Tuesday, June 26, 2007

more great literature

It's a very long story why I ended up with this book in my hands and before my eyes instead of Nancy Drew.

Anyway, today's literary quotation comes from Ellen Glasgow's 1911 work, The Miller of Old Church. Think American Thomas Hardy, but racist. The story, set in Virginia, is actually quite good, with a few interesting plot twists... but there's a lot (and I do mean a lot) of of people just standing around and expostulating.
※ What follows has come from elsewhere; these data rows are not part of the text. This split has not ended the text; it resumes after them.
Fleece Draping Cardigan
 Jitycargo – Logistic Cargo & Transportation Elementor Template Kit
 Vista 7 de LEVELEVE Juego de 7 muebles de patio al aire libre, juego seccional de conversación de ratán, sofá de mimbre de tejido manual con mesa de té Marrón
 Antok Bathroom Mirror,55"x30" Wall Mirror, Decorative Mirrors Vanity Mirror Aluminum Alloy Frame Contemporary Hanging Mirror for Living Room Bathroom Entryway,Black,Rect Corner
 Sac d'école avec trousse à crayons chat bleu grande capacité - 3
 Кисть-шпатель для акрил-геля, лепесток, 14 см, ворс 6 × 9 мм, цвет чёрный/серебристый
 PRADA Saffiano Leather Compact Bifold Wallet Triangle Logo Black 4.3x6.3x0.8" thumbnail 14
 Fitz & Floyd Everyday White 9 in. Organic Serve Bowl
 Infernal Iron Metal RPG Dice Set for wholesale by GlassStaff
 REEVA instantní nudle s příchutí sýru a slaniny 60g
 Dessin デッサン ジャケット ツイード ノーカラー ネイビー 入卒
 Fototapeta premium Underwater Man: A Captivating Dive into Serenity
The narrator expostulates a lot, too.

It is a mood that comes once to every man - to some men more frequently - a mood in which the prehistoric memory of the soul is stirred, and an intolerable longing arises for the ancient nomadic freedom of the race; when the senses surfeited by civilization cry out for the strong meat of the jungle

It goes on. Men long not just for jungles and nomadic freedom and strong meat but, apparently, also for pottage.

I do not pretend to understand men, much as I like, admire and appreciate them. This information, however, casts an entirely new light upon them.

4 comments:

John Burzynski said...

Makes me want a 16 oz. Porterhouse and a good NFL game...that is about as jungleistic as I get anymore.

Jim Wetzel said...

NOMAD WARRIOR CHIEFTAIN: Bartleby, what is best in life?

ME (in an unaccountable Austrian accent): To crush your enemies, see them driven before you, and hear the lamentations of their women!

Ugghh!

Hugh said...

mmMmmMMMmm. . .

Me want POTTAGE!

Matt Brown said...

My dog found a squirrel carcass in our backyard the other day. For a second, I almost yanked it out of her mouth so I could stick it into mine... just for a second.